Do you live a rushed, stressful life? Do you over-book yourself, and then stay up late trying to get it all done? Is it hard to fall asleep at night because your mind is racing? Do you awaken in the middle of the night with a hundred worries flying through your brain? Or do you too often awaken in the early morning, unable to fall back asleep?
If so, you are not alone. According to the Center for Disease Control in Atlanta, 50 to 70 million adults suffer from some type of sleep disorder. 30% of American adults don’t get enough sleep.
On top of all of this, Science Magazine recently published a study which reported yet another new finding about the importance of sleep. Researchers found that sleep is a way for the brain to purge itself of waste products which are thought to cause diseases like dementia and Alzheimer’s.
In my psychology practice, I have been asked for help on a tremendous variety of sleep problems. While every individual is different, I have found that there are ten basic principles which, if followed, will either cure or greatly help most sleep problems.
• Avoid having caffeine any later than 7 hours before you go to bed. Caffeine stays in your system for 7 hours.
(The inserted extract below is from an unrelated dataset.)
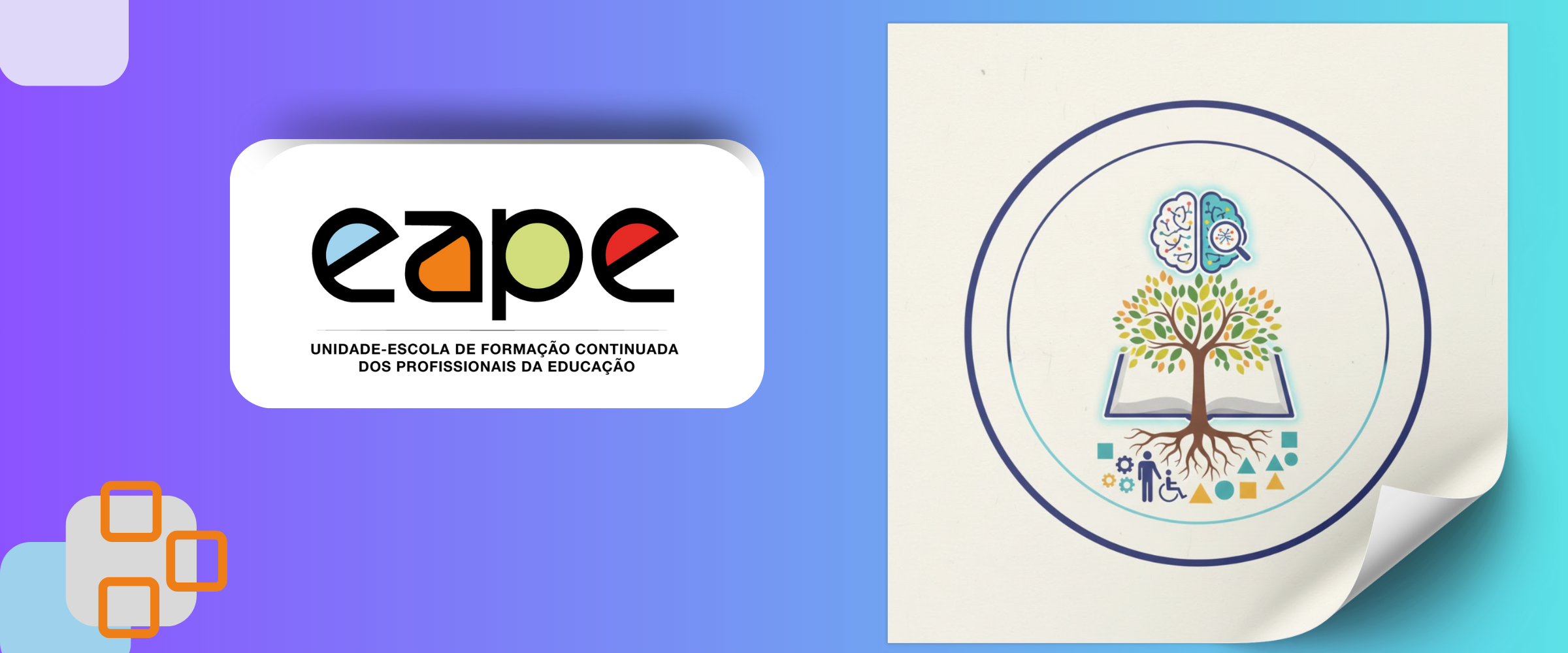 DEFICIÊNCIA INTELECTUAL: APORTE PARA PRÁTICA PEDAGÓGICA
• Go to bed at the same time every night, and get up at the same time every morning, or as closely as you can come to it. This puts your body into a rhythm which it will eventually tend to follow on its own.
• Prioritize your eight hours of sleep. If you are well-rested, you will be more productive during waking hours, making up for the time “lost” asleep.
• Do not look at or watch any electronic device – this includes smartphone, computer, TV, for at least one hour before you go to bed. Research has shown that electronic devices stimulate the brain for wakefulness.
• Do not eat for one hour before going to bed.
• Establish a regular bedtime routine. Adults’ bodies, like children’s, are triggered to start shutting down when the routine begins at night.
• If you awaken in the night, do not look at the clock. The time doesn’t matter, and when you start thinking, “Oh no, it’s only 2 a.m.,” it wakes up your brain even further.
• The process of falling asleep involves essentially shutting off your conscious brain. The best way to do that is to stop all of your thoughts. To do this, lie in bed quietly and follow these steps:
1. Picture a giant, white movie screen in front of you, filling your entire field of vision.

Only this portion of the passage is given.